Surveys about client-agency relationships are a dime a dozen and tell you what you already know. To wit,
clients are unhappy with their firm’s strategy, creativity, execution and responsiveness. Probe a little deeper and you’ll find concern about agencies simply not understanding the business of their client’s business.
So, as I reviewed yet another one of these surveys from a Cincinnati-based group called Reardon Smith Whittaker, I was taken aback by one ‘new’ finding: forty percent of client respondents said they ‘look forward to’ or find it exciting’ to search for a new agency. Can you believe that? Do they have no idea how tortuous new business pitches are for agencies? These respondents would be right at home in Gitmo or most any concentration camp of the 20th century.

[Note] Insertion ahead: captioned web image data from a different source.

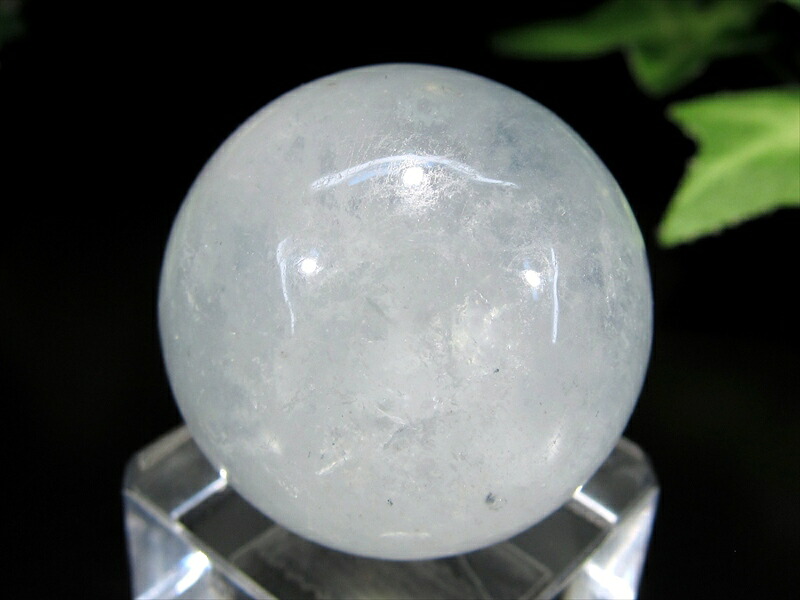 高品質 潤いたっぷり ゴシェナイト 丸玉 台座付 直径26mm 重さ25g ベリル 3月誕生石 海の守護石 美しい若さと幸せな喜びの象徴 夏色 スフィア ブラジル 産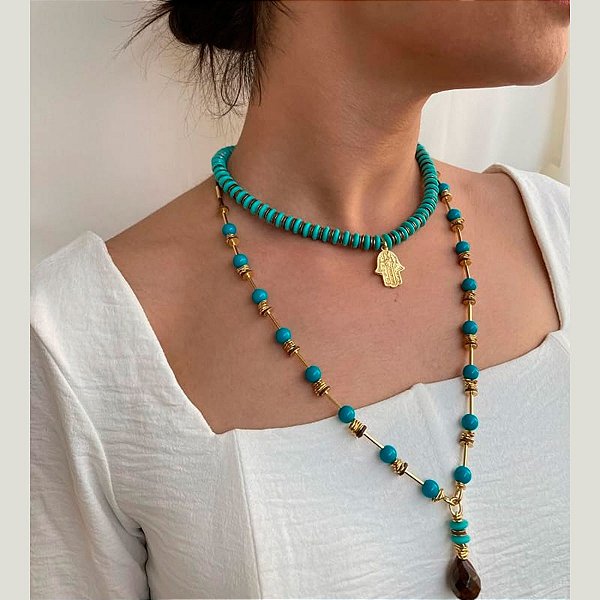 Colar, Feminino Longo, Feito à Mão, Prateado e Azul, 4901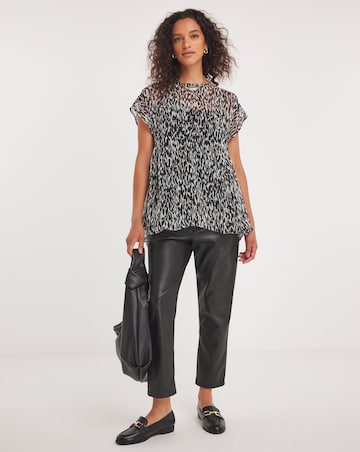Mono Print Sheer Smocked Top With Cami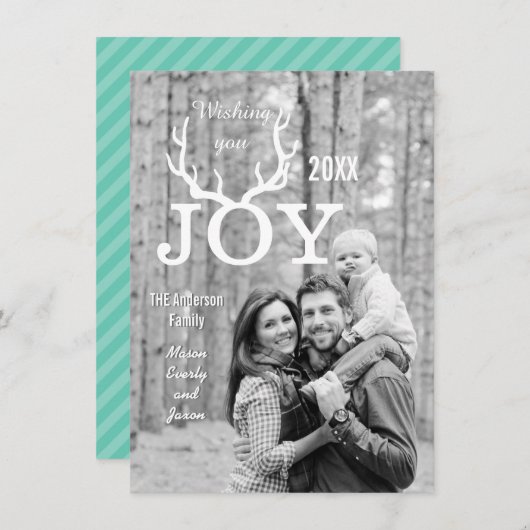 ジョイディアー〔雄ジカの〕枝角ホリデークリスマス任意のカラーバック シーズンカード (正面/裏面)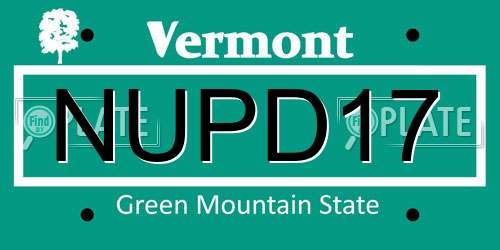 NUPD17 Vermont License Plate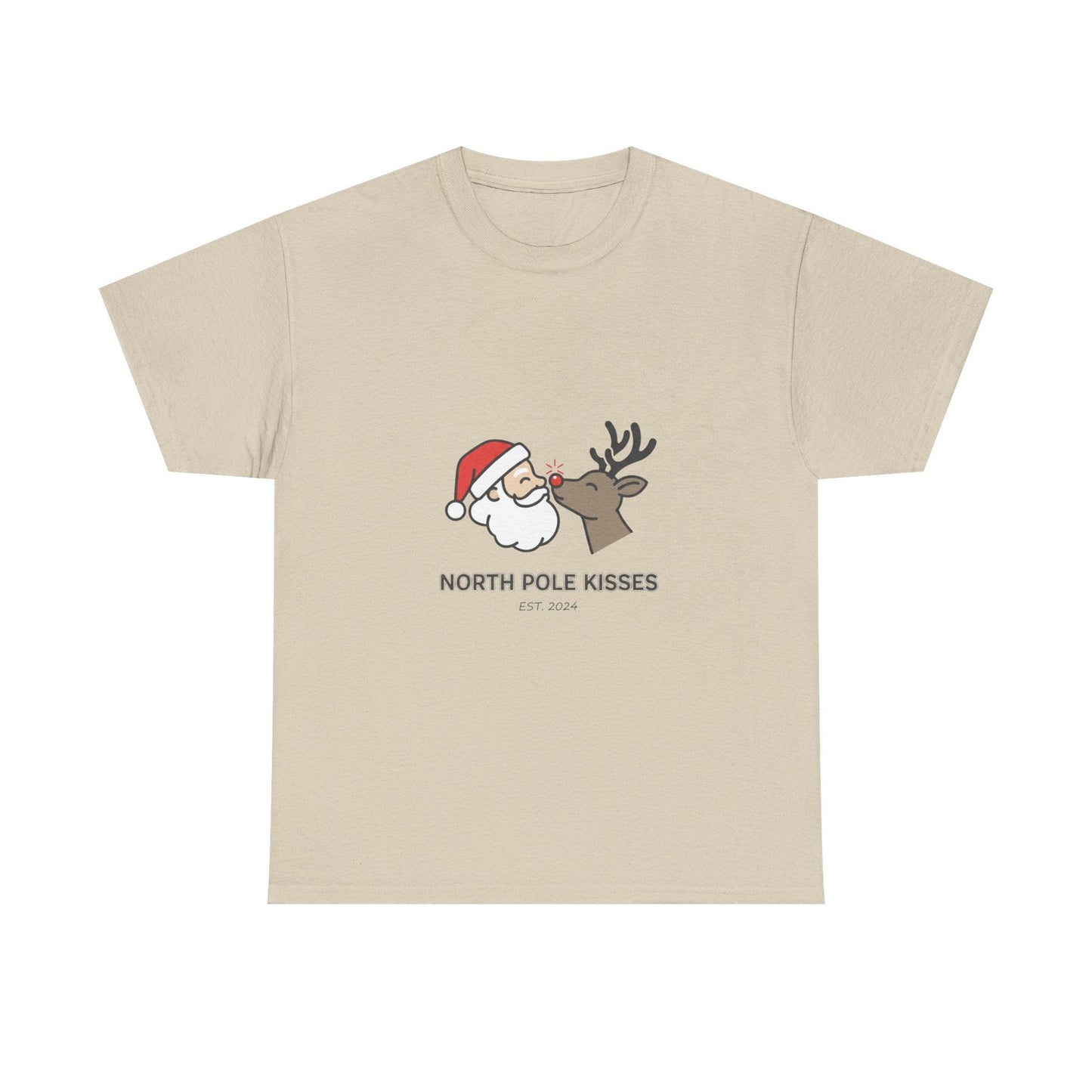 North Pole Kisses Unisex Heavy Cotton Tee, Christmas Tee, Holiday Gift, Festive Apparel, Winter T-Shirt, Santa and Reindeer Design - Dassle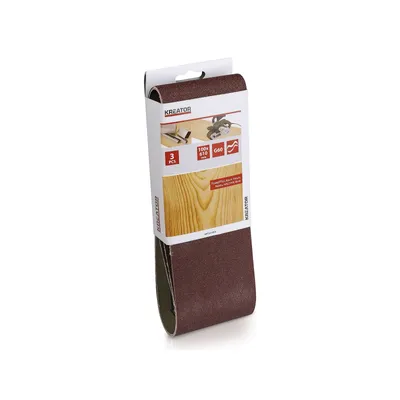 Produktbild von KREATOR Holz Schleifband für Bandschleifer - 3 Stück - Körnung G60 - 10 x 61 cm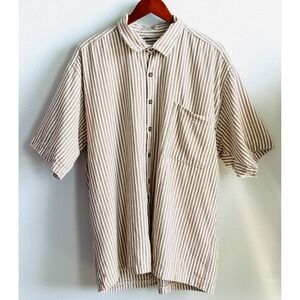 TNS FATIMA Men's XL Brown & White Striped Cotton Short Sleeve Button Front Shirt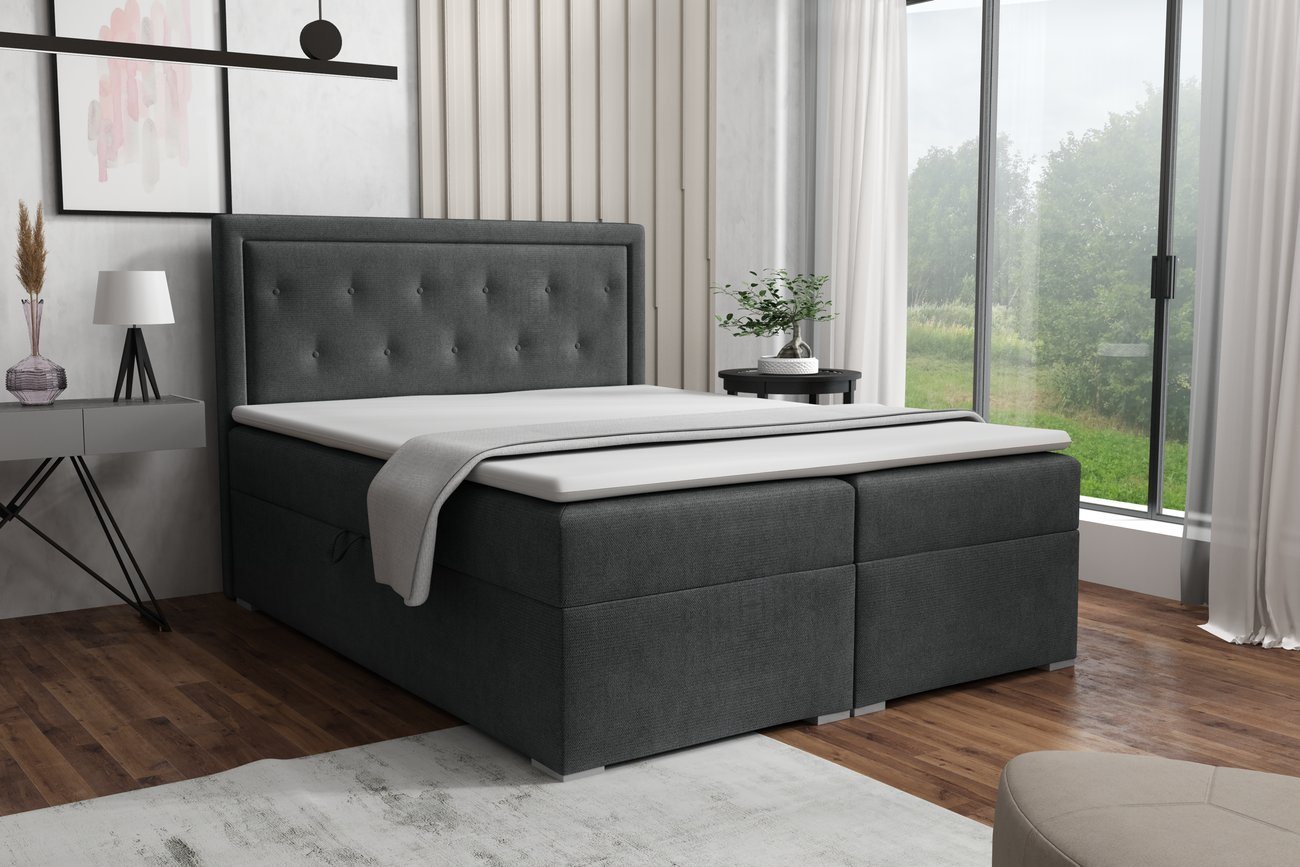 Deine Möbel 24 Boxspringbett PABLO Boxspring Komplettbett Polsterbett Bonellfederkernmatratzen H3 (120x200 140x200 160x200 180x200 200x200 Komplettbett Boxspring), inkl. Topper aus Kaltschaum inkl. Matratzen H3 / H4 zur Auswahl von Deine Möbel 24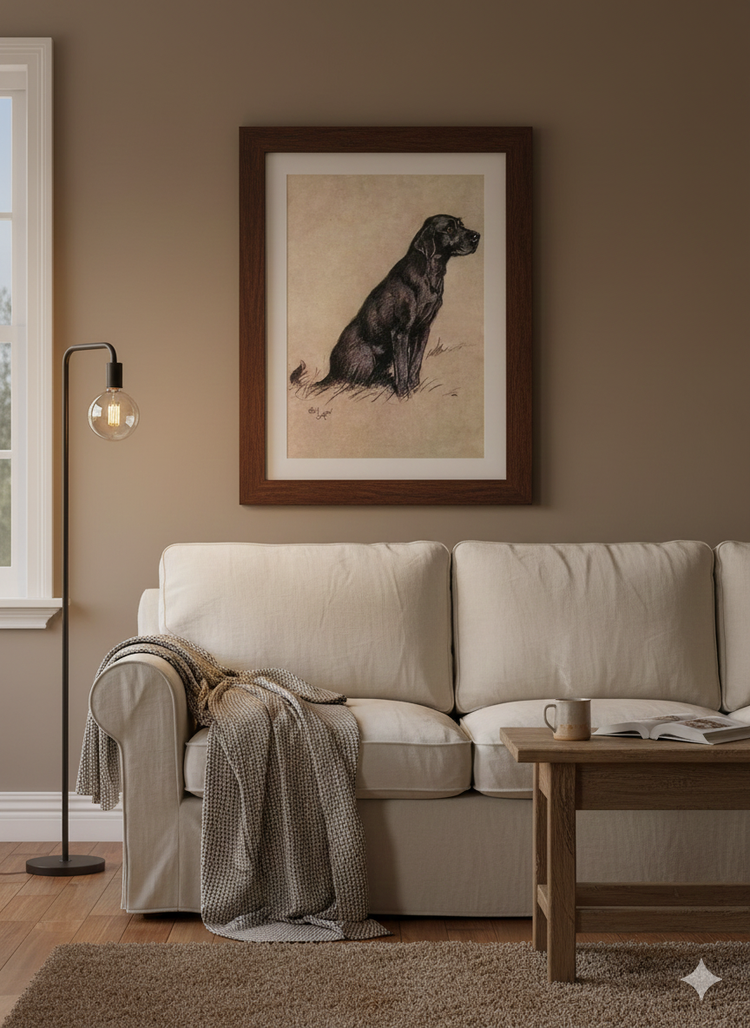 Living room with beige sofa, framed artwork of a dog, and wooden coffee table.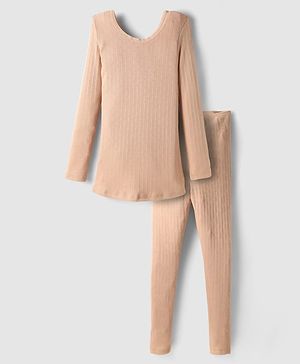 Kanvin Full Sleeves Thermal Tee & Bottom Set - Cream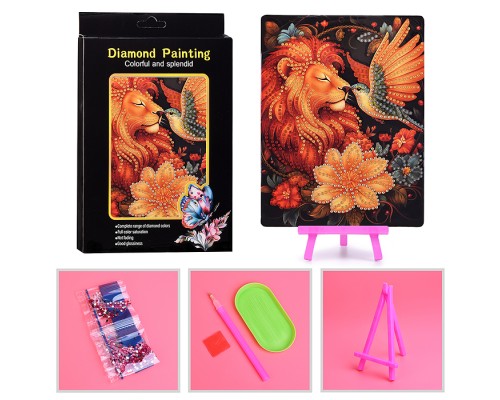 Мозаика алмазная "Царь зверей" 15*20см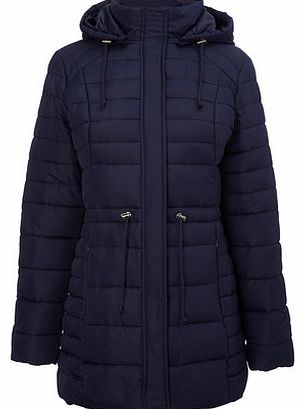 Womens Navy Lightweight Puffer Coat, navy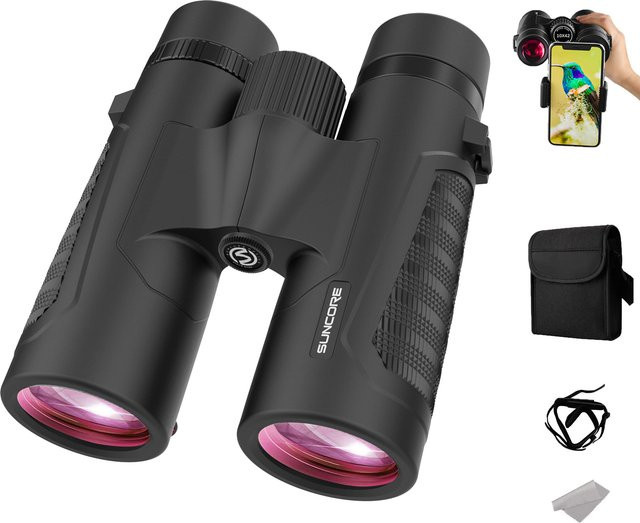 Suncore 10X42HD Fernglas für Erwachsene in Schwarz mit Telefonadapter und hoher Leistung - Bild 1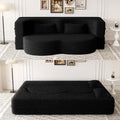 2 in 1 Folding Floor Couch Sofa Bed with 2 Pillows Teddy Fabric Foam-Filled Convertible Sleeper Sofa Full Mattress for Living Room Guestroom No AssemblyBlack Required Sofa Bed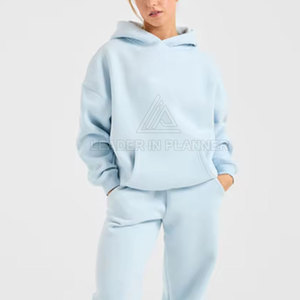 เสื้อฮู้ดดี้สีพื้นระบายอากาศได้ดีสำหรับผู้หญิง ออกแบบเองได้ ใช้กลางแจ้ง ทรงโอเวอร์ไซส์ เสื้อฮู้ดดี้ระบายอากาศได้ดีสำหรับผู้หญิงทรงโอเวอร์ไซส์ - Product Image 6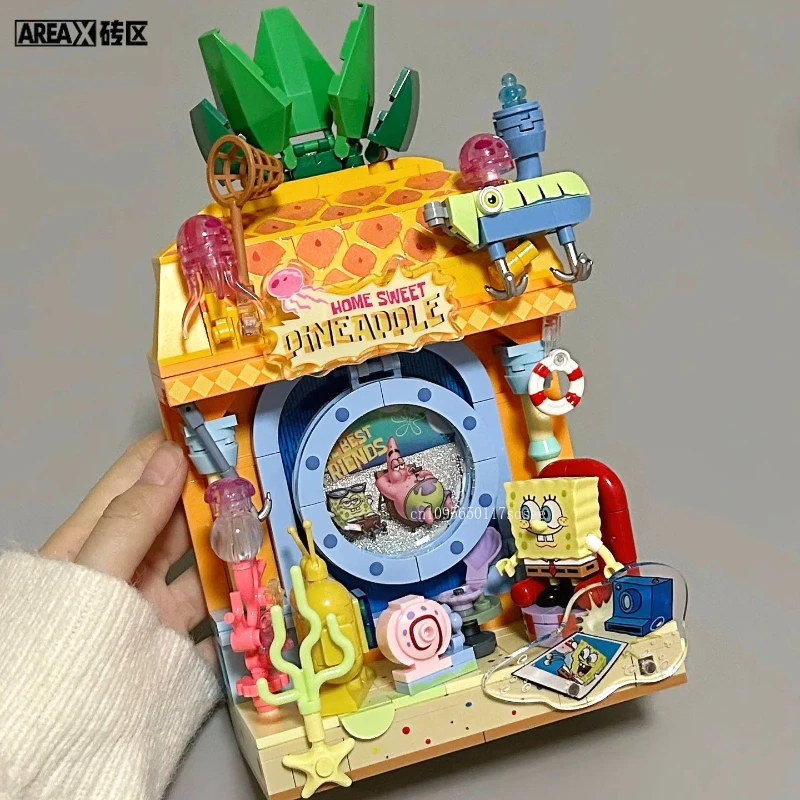 SpongeBob SquarePants Building Blocks สับปะรด House Island Portrait House รุ่นการ์ตูนอิฐเด็ก DIY ของเล่นวันหยุดของขวัญ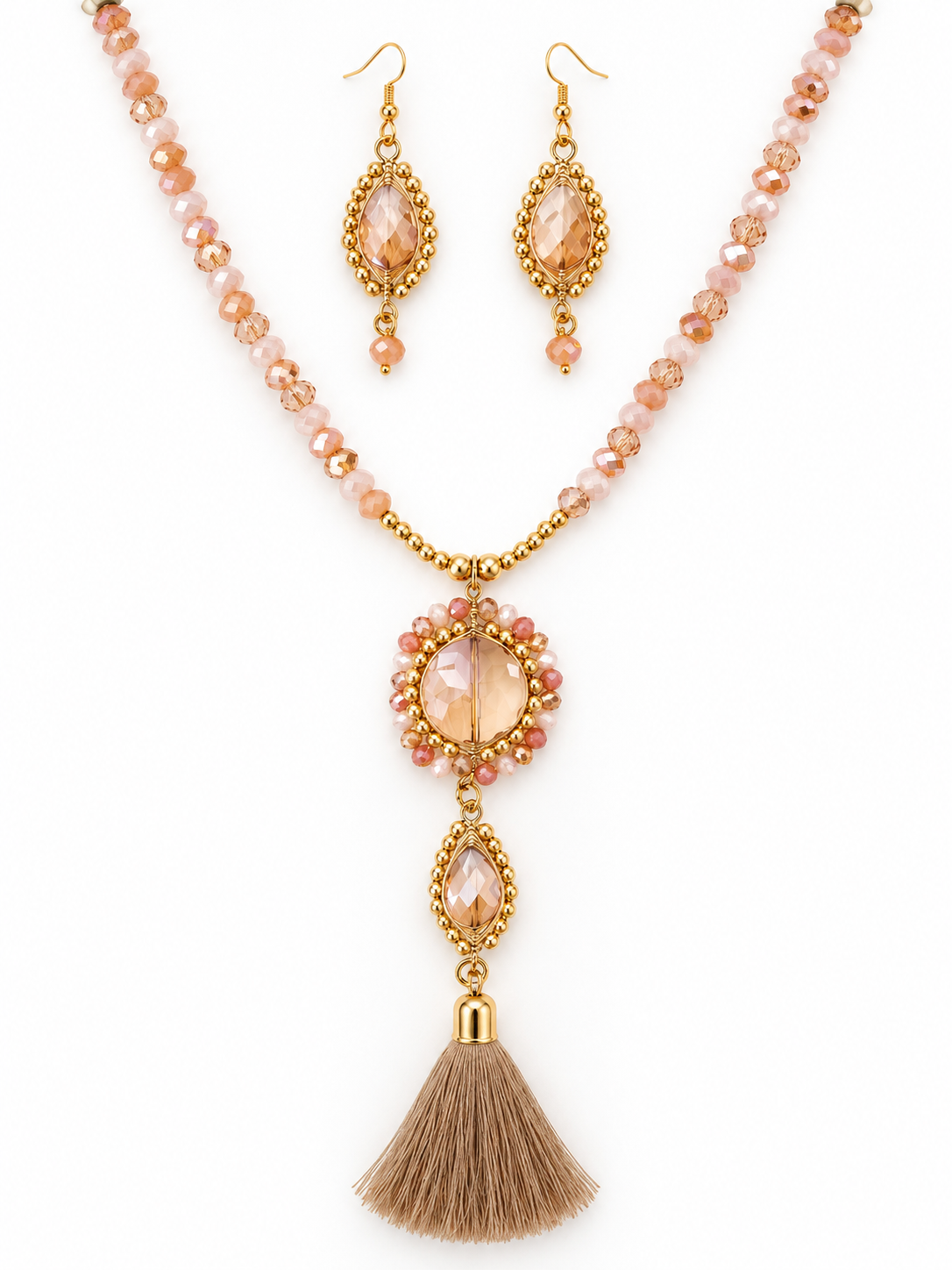 Set collar y aretes / Chapa de Oro 14K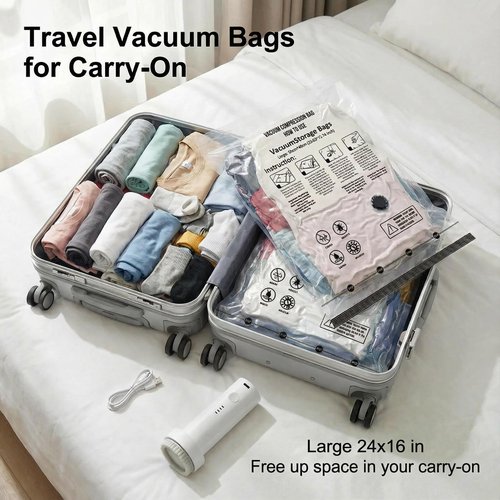 Yobobo Vacuum Seal Bags for Clothing: 9 Pack Small Travel Vacuum Bags for Luggage with Rechargeable Electric Pump - Space Saver for Carry-On Packing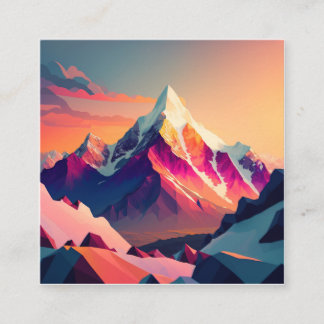 A stunning sunset over colourful snowy mountains. square business card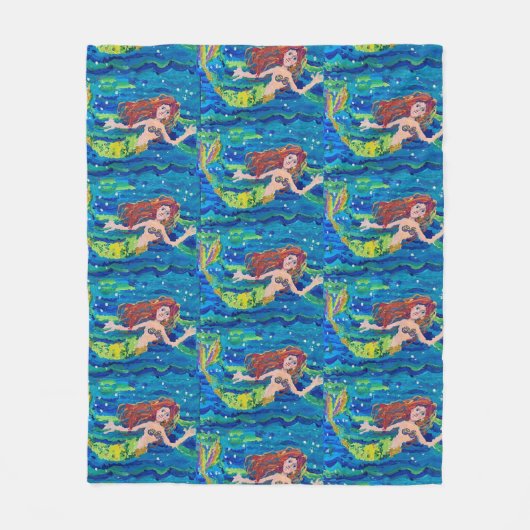 Mermaid Painting Fleece Deken (Voorkant)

‘…Enjoying and looking forward to…’ agency reviews is a clueless remark for many reasons, including:
– The inordinate amount of time and resources an agency has to devote to a new business pitch
– The business disruption caused by agency searches to both client and agency organizations
– The fact that an agency search means the prior firm, and the client conducting the search, failed to achieve the business communications goals.
For me, this last point is what rankles most. Enlightened corporate communications departments realize that success (and failure) should be shared. Sadly, there are still too many client-side personnel who will claim credit for success, but point the finger at the agency when things go south.
Obviously, there are some bad firms, but most provide a similar level of service. So, what’s the real issue? Usually, it comes down to staff turnover on the agency side (a big agency problem) and a corporate communications department that is either too far removed from the organization’s strategic decision making to connect it to PR, or simply too lazy to do much more than enact a purely tactical, media-by-the-pound campaign. Either way, senior management gets antsy at some point and demands a new PR firm. And, the communications department readily accedes because, ‘hey, it’s fun and exciting’ to do an agency search.’
Don’t get me wrong. Agency searches are critical when a client is looking to re-position itself, take the business in a new, more strategic direction or, if the PR firm really has failed to live up to its end of the bargain. Sadly though, most are fishing expeditions that may be fun for the ‘angler,’ but pure torture for us ‘fish.’